To provide a bit of a road map of what follows below, I offer the following list of sections and figures:
- Comparison of the average daily number of noise peaks recorded at the sites (Figure 2), including counts for all peaks and counts for peaks > 50 dBA in amplitude.
- Comparison of the medians and ranges of variation for noise peak amplitudes recorded at the sites (Figure 3).
- Comparison of the medians and ranges of variation for the sound energy in each noise peak (SEL, Sound Exposure Level) recorded at the sites (Figure 4).
- Comparison of the total daily sound energy from aircraft overflights received at the sites (Figure 5). (“Total sound energy per day” is defined to be the median SEL value times the average number of peaks per day.
- Comparison of the FAA-defined DNL (“Day/Night Average Sound Level”) values for each site (Figure 6), with and without aircraft noise present.
- Comparison of the median burst frequencies of overflights and ranges of variation at the sites (Figure 7). (“Burst frequency” uses the average time interval between successive members of groups of five peaks to measure instances of highly repetitious overflight events.)
- Comparison of the medians and ranges of variation for noise peak durations recorded at the sites (Figure 8).

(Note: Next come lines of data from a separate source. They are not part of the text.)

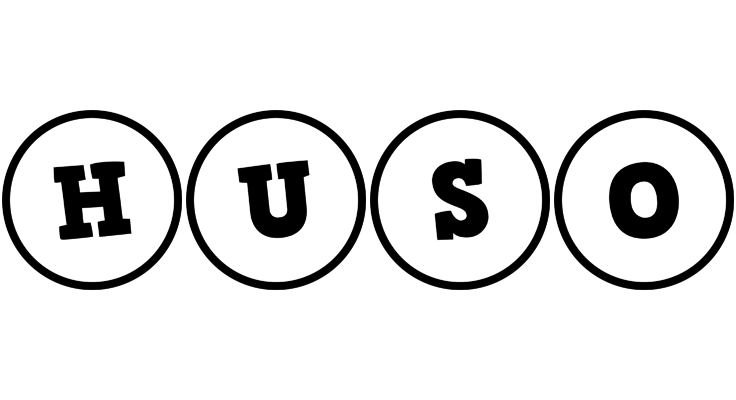 Huso handy logo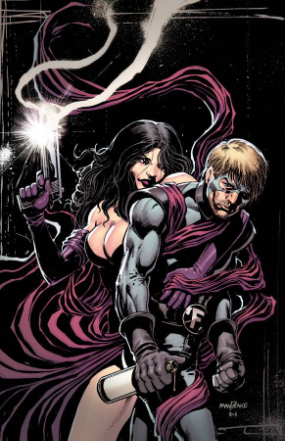 Sidekick # 2 (Image Comics 2013) Sidekick # 2 (Image Comics 2013)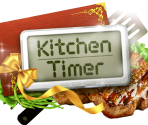 Cooking Timer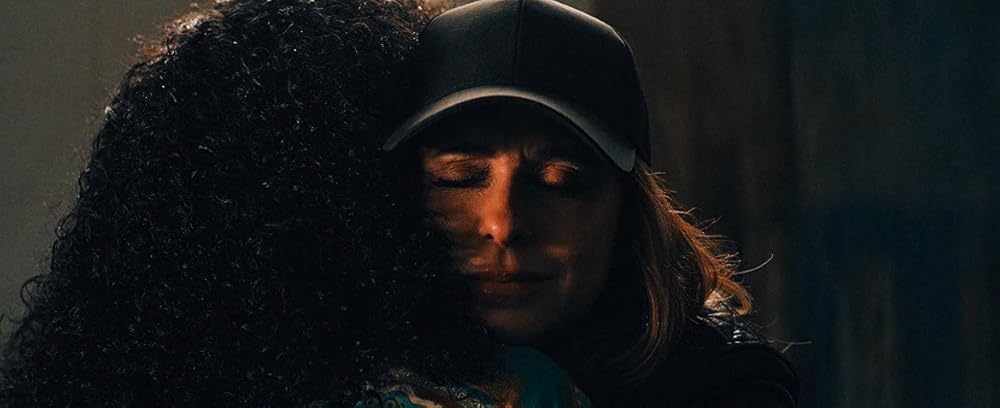 می‌دانم تابستان پیش چه کردی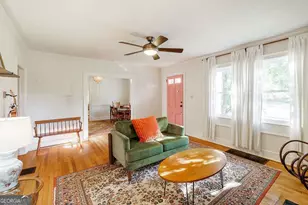 1686 S Milledge Ave, Athens, GA 30606 - Photo 5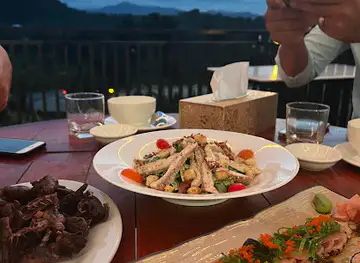 LeapHeng Restaurant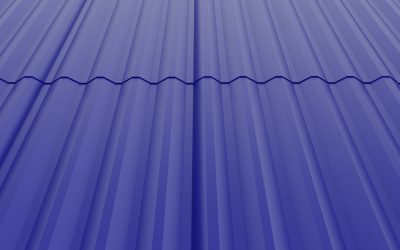 Tejas de Zinc y Metálicas para proyectos duraderos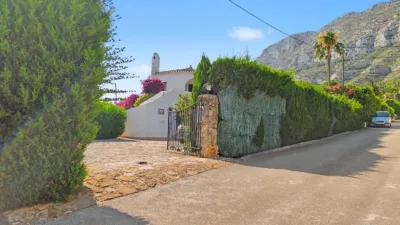 Chalet in Mon Bajo photo 22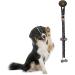 Poochie Bells Dog Training Doorbell - Cold Nose Warm Heart for House Training & Walking - Buy Online on GoSupps.com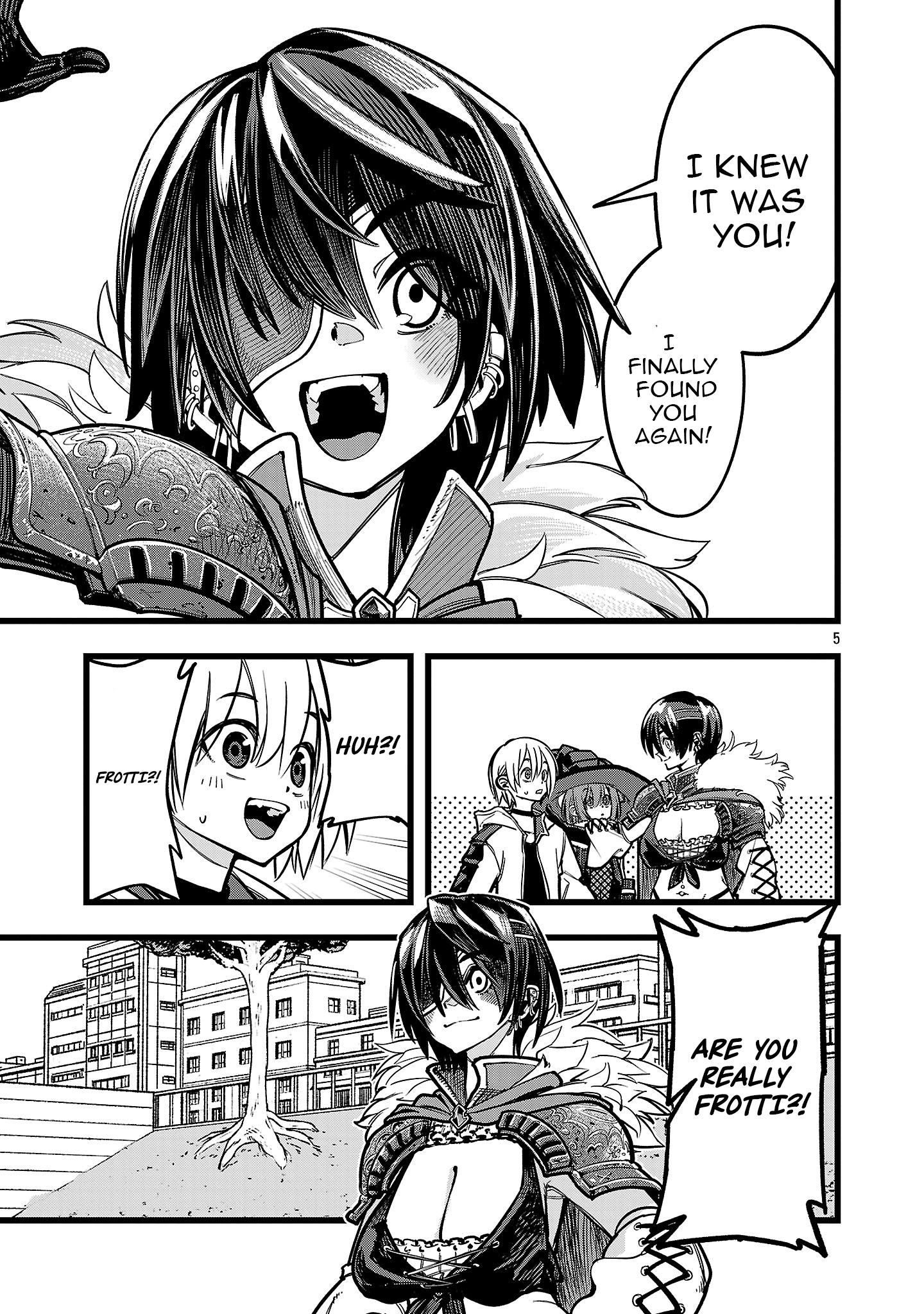 Read Final Tensei Hazure Skill wo Hikitsuzukeru Ore to Kaku Isekai Saikyou no Nakama-tachi Manga Online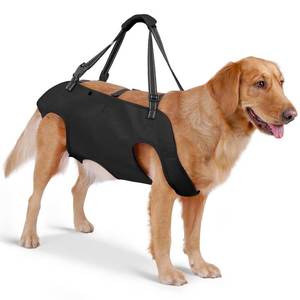 lot 14079 image: Mayerzon Full Body Dog Lift Harness Medium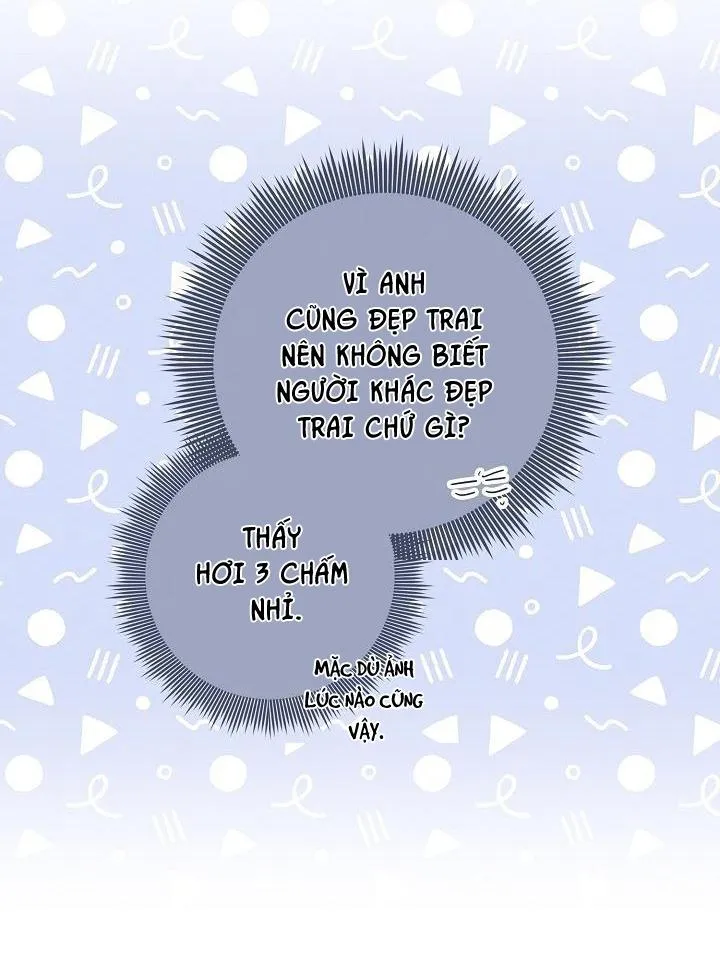 ĐÊM KHÔNG DẤU VẾT Chapter 13 Trang 31
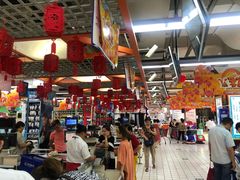 -世纪联华超市(外海店)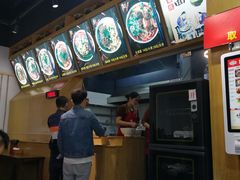 -秦云老太婆摊摊面(蜀汉路店)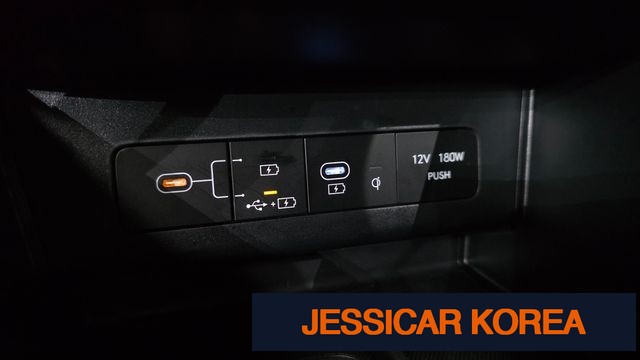 2025 Hyundai Sonata The Edge (DN8) - Thumbnail 9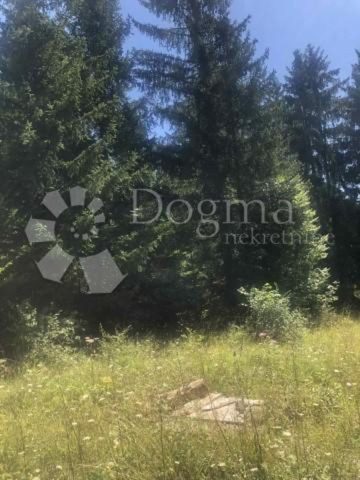Pozemek na prodej 547 m² – Makov Hrib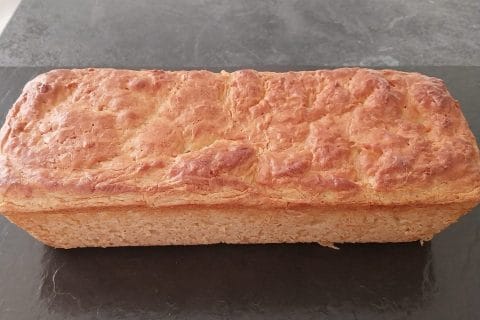 Cliquez pour zoomer ! Brioche sans beurre, sans oeufs Thermomix par catarina350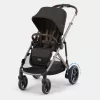 Cybex Gold eGazelle S elektromos babakocsi TPE #Chocolate Brown - brown #525000175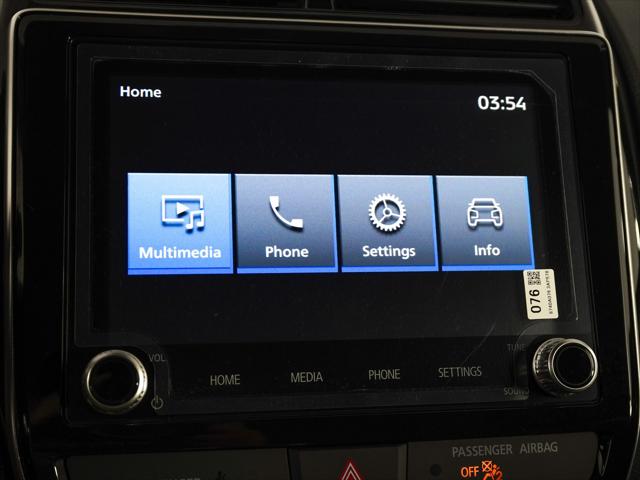 2026 Mitsubishi Outlander Sport 2.0 TRAIL EDITION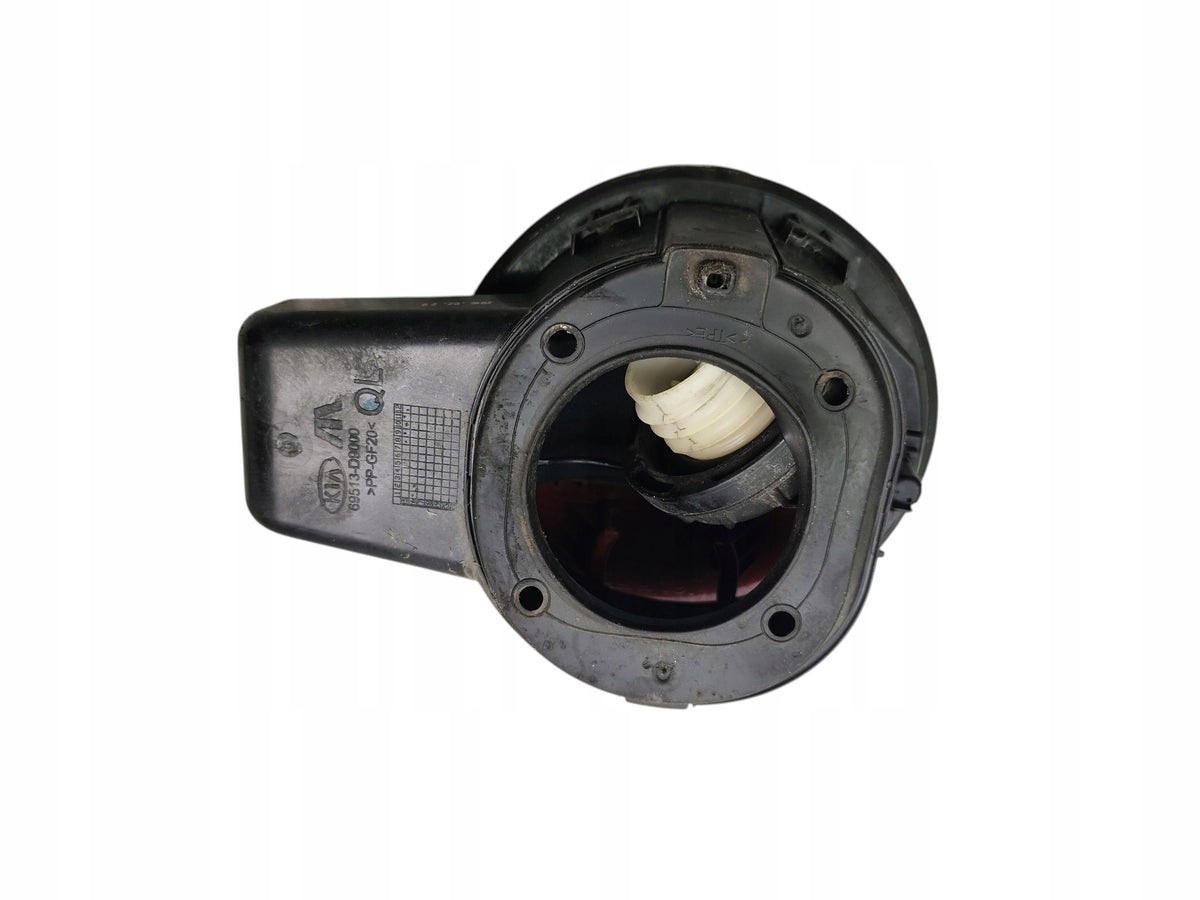 FUEL FILLER FLAP STOPPER KIA SPORTAGE IV 69513-D9000 PAINT CODE A0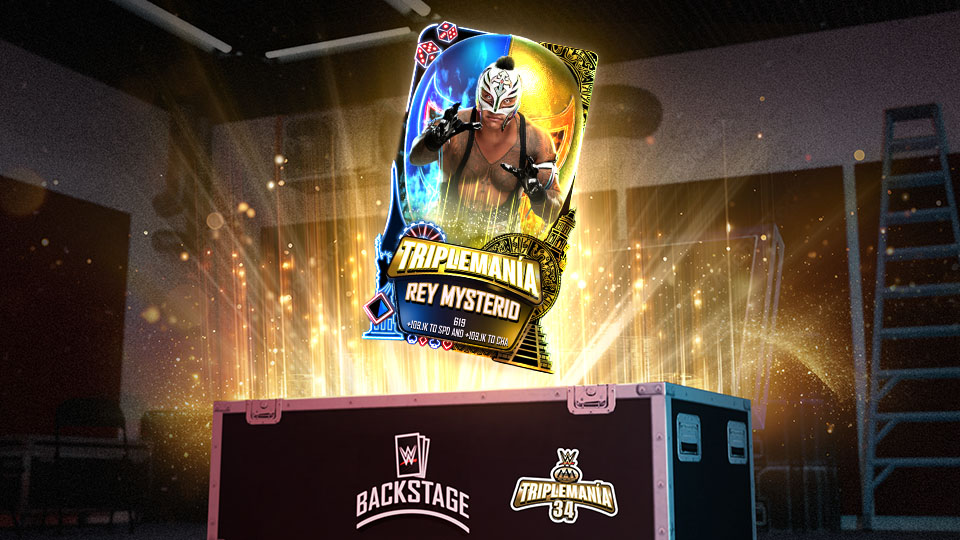 Pack Superstar : Coulisses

ANALYSIS SUMMARIES AND DISCUSSION
Note About the Graphical Data: In the following overview plots, the data are plotted indexed by study site. The order of the study sites along the abscissa, left to right, starts with Palo Alto area sites ordered by increasing total daily sound energy (see figure 4), and followed by Santa Cruz sites ordered by distance along the SERFR route, starting with the most distant site (Capitola/Soquel) and progressing toward the EDDYY waypoint (Los Gatos).
1. Number of Overflights per Day
Figure 2 compares the average daily number of noise peaks recorded by site, showing counts for all peaks and for peaks > 50 dBA in amplitude.
The error bars show one standard deviation (1σ) in the distribution of peaks counts for each site. There is some variation in the total numbers of peaks detected between the sites, but typically around 300 per day are heard over PA sites and around 250 peaks per day are heard over SC sites. Discounting nighttime hours (4 hours between 1:00 AM and 5:00 AM), over the remaining 20 hours this means there are on average about 15 overflights per hour in PA and 12-13 overflights per hour in SC.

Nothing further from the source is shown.